Here’s the profiler’s output window, showing the memory access statistics for DoomAttack. The histogram buckets are four cycles wide, since the CPU was kept in sync with the 28Mhz clock.
The first row shows chip RAM accesses, which are nearly all writes (as expected, since the game’s code and data is all in fast RAM.) Around half the writes are taking four cycles, and around half are taking eight cycles.
The second row shows ROM accesses, which is why they’re nearly all instruction fetches. The third row is largely irrelevant since it shows 24-bit RAM accesses, and there are very few of those happening during the course of the measurement.

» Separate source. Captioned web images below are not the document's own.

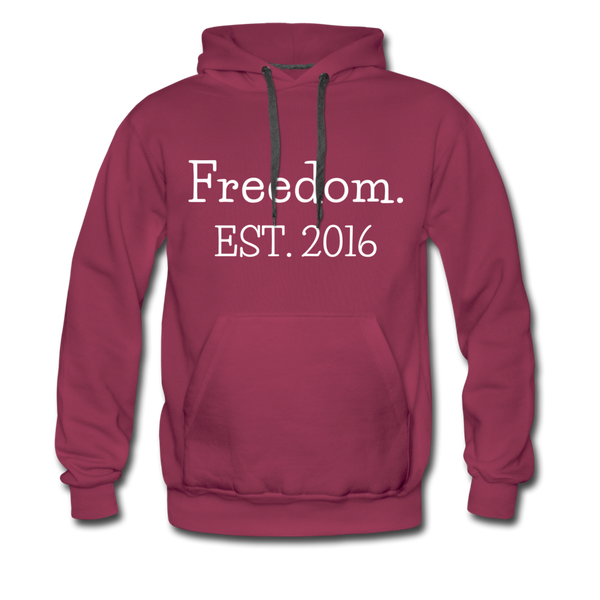 Freedom. EST. 2016 Premium Hoodie - burgundy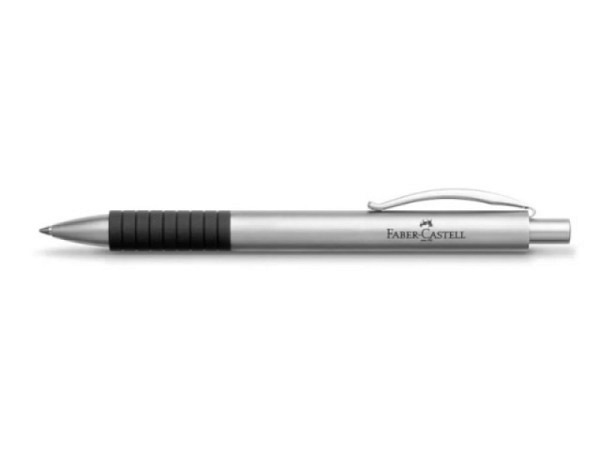 Kugelschreiber Faber-Castell Essentio Metall matt verchromt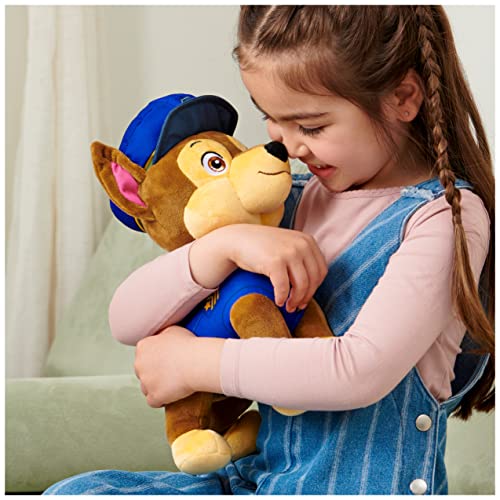 Paw Patrol 6065536 Talking Chase 12-Inch-Tall Interactive Plush Toys With Sounds, Phrases And Wagging Tail, Stuffed Animals thumb #4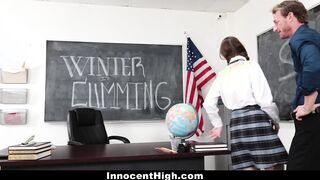 InnocentHigh - Shy Schoolgirl Fucks Her Speech Teacher - Innocent High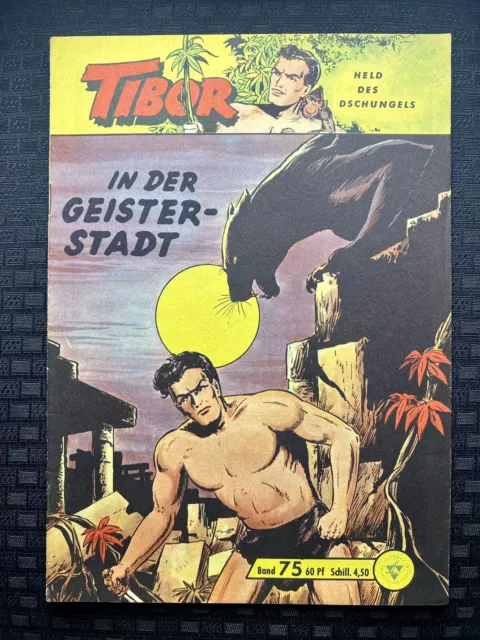 Original Tibor Großband Nr. 75 In Der Geisterstadt Erstausgabe Lehning Comic TOP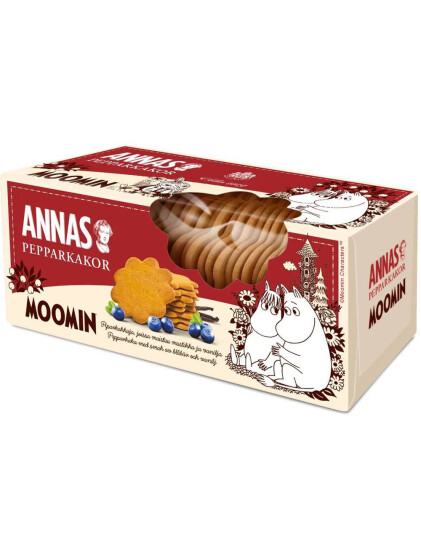 Ert Godis Annas Mummitroll Pepperkaker Pepperkaker med Blåbær og Vaniljesmak 150 gram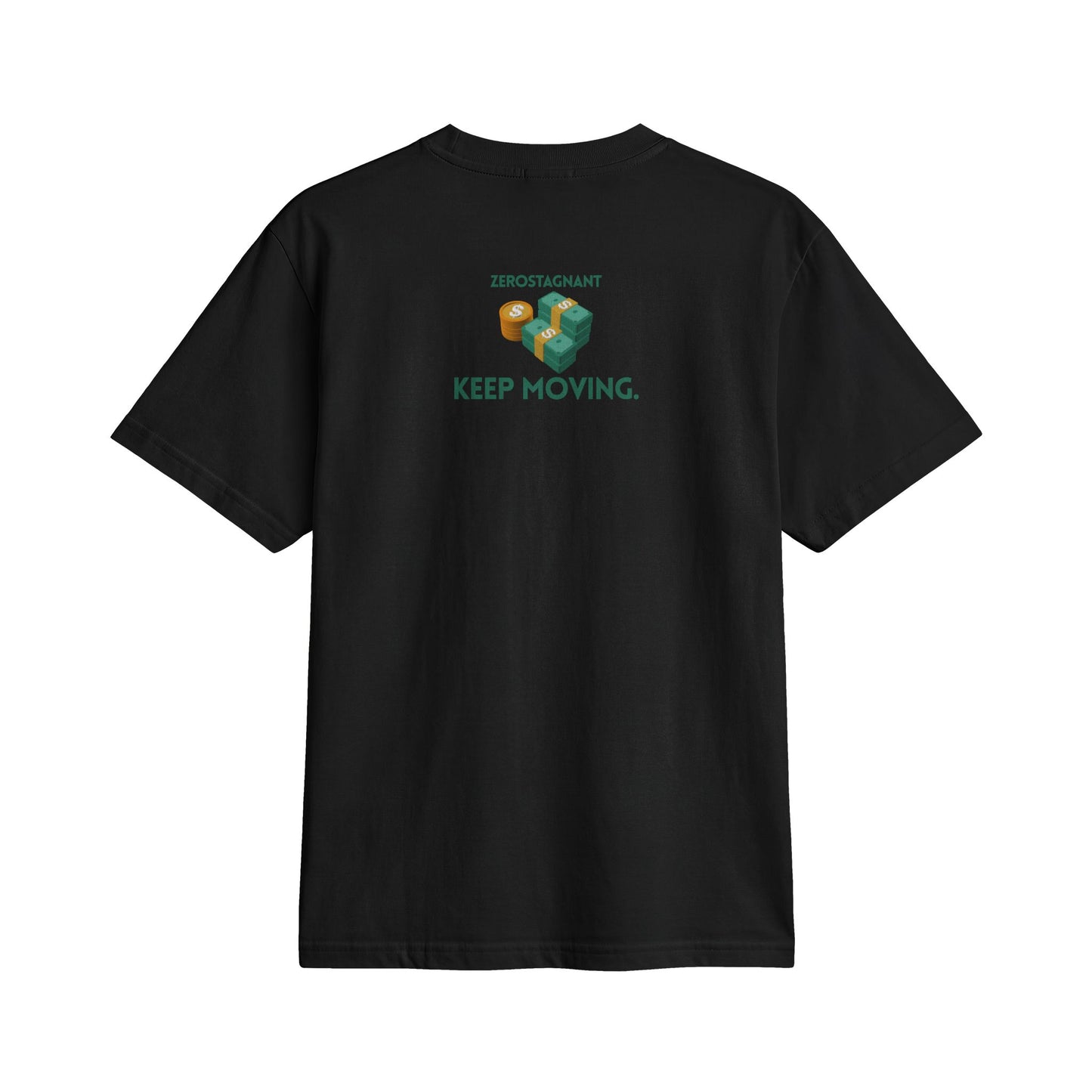 Fun Social Media 3D Money Stack T-Shirt — Keep Moving.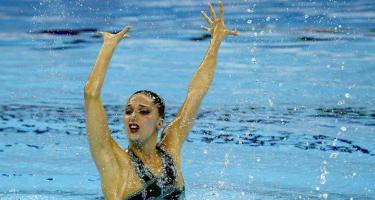 Andrea Fuentes, durante la final de la prueba t�cnica individual de solo. | EFE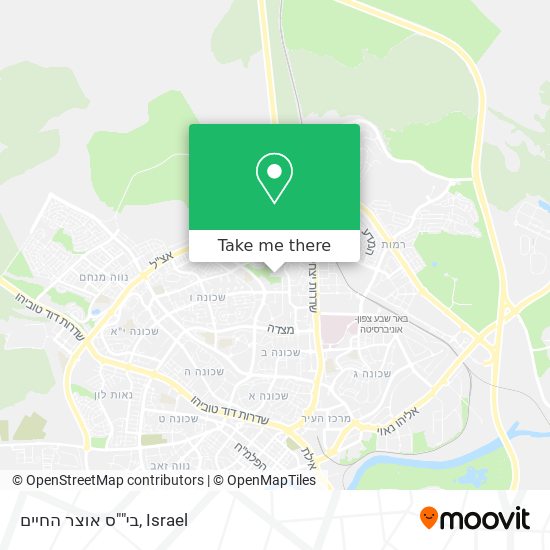 בי""ס אוצר החיים map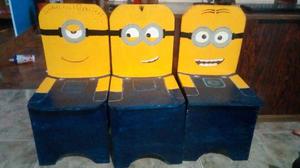 sillita minions p/ niños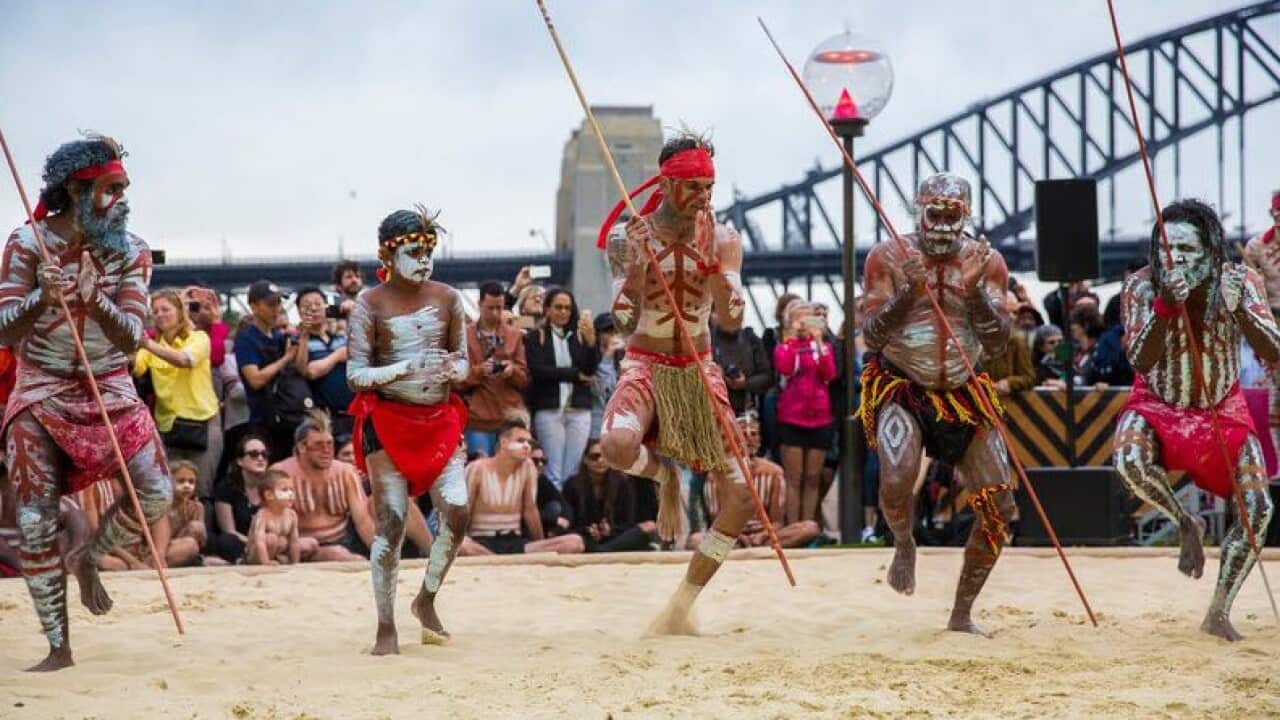 Dance Rites winners, Koomurri dancers performing at Homeground 2016.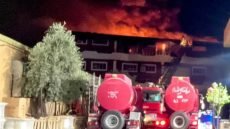 اندلاع حريق ضخم داخل معمل لتعبئة البهارات في كركوك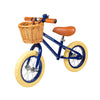 Banwood 'First Go!' Balance Bike in navy blue, available at Bobby Rabbit.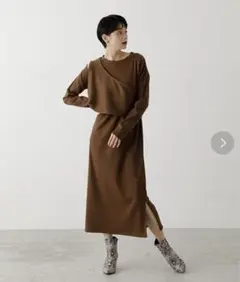 ｟最終値下げ❣️｠AZUL BY MOUSSY ビスチェセットリブワンピース　S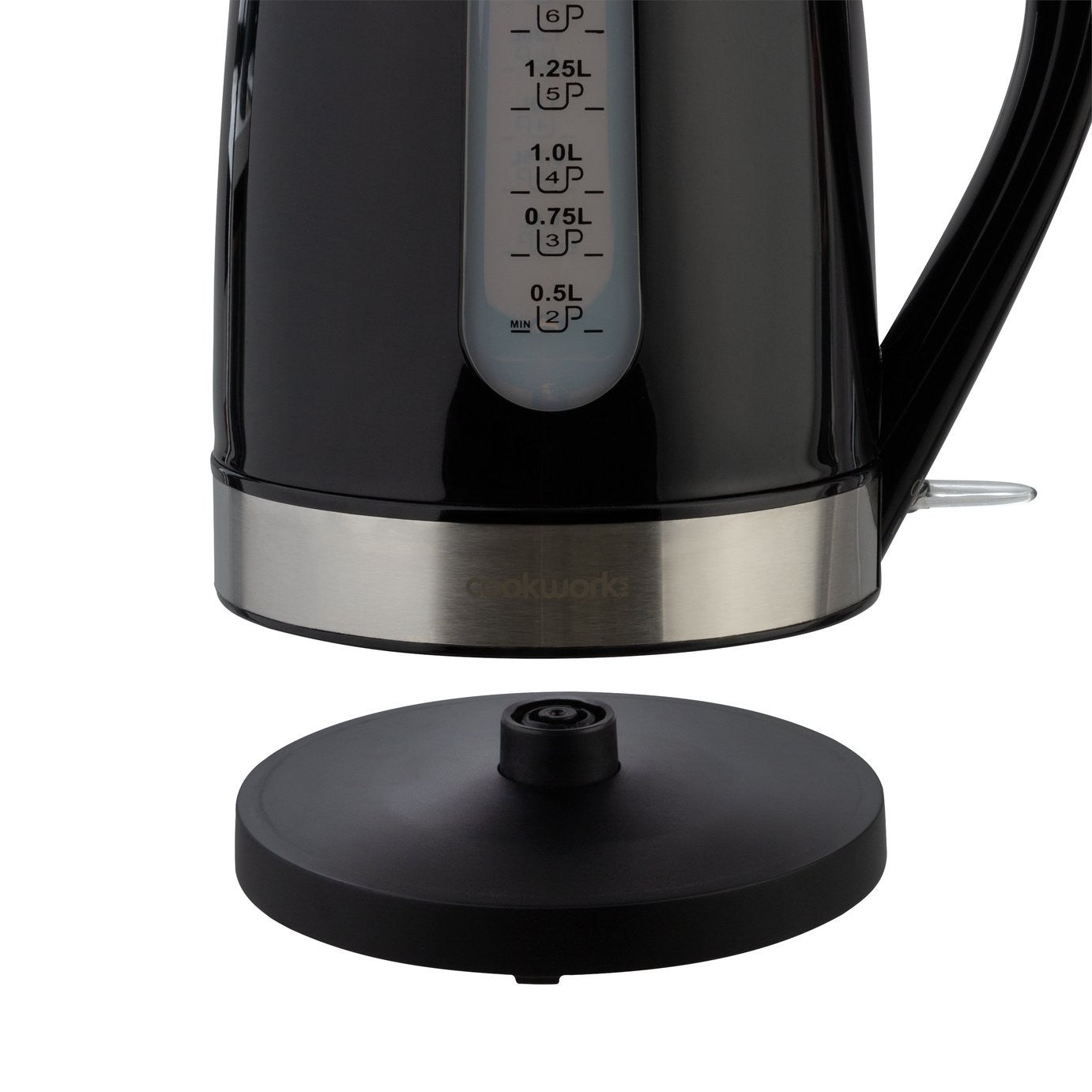 Cookworks Plastic Illuminated Kettle - Black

The last row shows 32-bit fast RAM accesses, with the first histogram showing instruction fetch cycles, the second showing data fetch, and the third showing writes. A significant number of all types of access were taking eight cycles – so my goal was to try and reduce that.
This core has always been somewhat fragile timing-wise, and what I hadn’t realised was that in order to reduce timing pressures from block RAM to CPU, the cache is effectively two levels deep. There’s a respectable “level 2” cache of a two-way design – or rather two of them, one for instructions and one for data; but there’s also a very small “level 1” cache, just a single cacheline long, which is implemented as logic rather than block RAM. If a memory access hits the level 1 cache it can be served within four cycles. If it needs to fetch from level 2 then the access will take eight cycles.
Unfortunately, since there was only a single cacheline, it would have to be evicted and refilled any time the CPU swapped between instruction and data accesses. Fixing this was fairly straightforward, so we now have a separate level 1 cacheline for instructions and data.
I also tweaked the timing of write cycles so that more of them can be acknowledged within four cycles.
Those two changes made a significant difference to the framerate in DoomAttack, and the improvement is immediately visible in the profiler’s output:
Notice in particular that nearly all the chip RAM writes are now happening in four cycles.
The other improvement I wanted to make was to decouple the CPU from the 28MHz clock. From other projects I knew that when the CPU runs an internal (non-memory) cycle, it can be allowed to continue after three cycles rather than four, and when fetching from level 2 cache it should be able to continue after six cycles rather than eight. These changes also made a significant difference to overall performance.
Finally, to improve RTG performance, I changed the SDRAM controller to allow back-to-back bursts for the video system, nearly doubling the maximum theoretical bandwidth. This makes modes such as 1280×720 in 16 bit and 1440×900 in 8 bit much more usable.
As always, this has been quite the learning curve – and this time the main lesson learned is that there’s no substitute for measurement!